The private sector is responsible for a lot of R&D spending, but in developing countries the contribution is a lot lower.
Banking, credit, and micro-credit
- Access to credit and banking are crucial to development and growth. They connect savers and investors, making saved money accessible to borrowers..
- Provide incentive for people to save (interest)
Credit should be made available to farmers and businesses so that they can grow.
- Provide consumers with credit for human capital investments
Access to credit for poverty alleviation
- Provide incentive for people to save (interest)
- Commercial banking systems in developing countries are not developed. High public sector ownership, which usually leads to lower efficiency.
- Banks in developing countries usually cater to richer borrowers because they are usually branches of other banks that provide loans to firms.
- Most people then have to rely on loan sharks (high interest rates), or pawnbrokers.
Micro-credit – small loans to people w/o access to credit and are delivered through
- microfinance institutions such as credit unions or non-governmental organizations.
- MFIs lend to many borrowers, such as small enterprises and people in the informal sector, or displaced persons.

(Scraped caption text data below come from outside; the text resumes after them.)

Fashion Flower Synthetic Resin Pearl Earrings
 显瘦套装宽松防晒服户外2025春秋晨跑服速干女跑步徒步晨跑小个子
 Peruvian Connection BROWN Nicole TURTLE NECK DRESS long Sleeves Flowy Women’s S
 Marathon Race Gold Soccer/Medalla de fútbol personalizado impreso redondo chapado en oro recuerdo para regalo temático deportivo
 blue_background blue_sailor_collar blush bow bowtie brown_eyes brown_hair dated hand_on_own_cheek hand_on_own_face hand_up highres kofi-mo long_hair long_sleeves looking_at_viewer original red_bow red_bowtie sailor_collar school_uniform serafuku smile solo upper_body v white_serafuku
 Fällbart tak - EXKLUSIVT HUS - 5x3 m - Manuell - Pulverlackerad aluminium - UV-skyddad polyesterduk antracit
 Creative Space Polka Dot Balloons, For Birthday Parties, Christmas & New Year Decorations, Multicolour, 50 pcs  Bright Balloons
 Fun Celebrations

Micro-credit can have a positive impact on poverty reduction, but reach only a small proportion of poor people.
- Micro-credit is still controversial:
- It’s possible that microcredit programs will take the place of necessary government policies to fight poverty.
- Microfinancing alone cannot alleviate poverty; it is not an alternative.
- Micro-credit schemes contribute to the growth of the informal sector.
- Some poor and unskilled people may be harmed by micro-credit because they still cannot repay these loans.
- Interest rates in micro-credit schemes are too high.
The empowerment of women
- Countries face gender inequalities, especially discrimination against women and girls.
- Empowerment – elimination of deprivations and creating equality of opportunities. Improves well-being and has spillover benefits.
- Women and girls have higher mortality rates in developing countries, which lower the ratio of women to men.
- Ratio of women: men is greater than 1.05 in the UK and US, but lower than 1 in developing countries. This is because girls are often neglected during childhood, and boys are treated better.
- Some cultures focus on a boy’s education because girls aren’t intended to seek work.
- Lower education/skills mean that women have fewer qualifications to take on jobs, and women often face discrimination.
- Women work more in the informal sector and don’t receive formal sector benefits.
- Women have more unpaid responsibilities.
- Some countries that are less developed have laws that state that property rights are passed to men, so some gain less land.
- Due to discrimination and lack of property rights, they have nothing that can be used as collateral for obtaining credit.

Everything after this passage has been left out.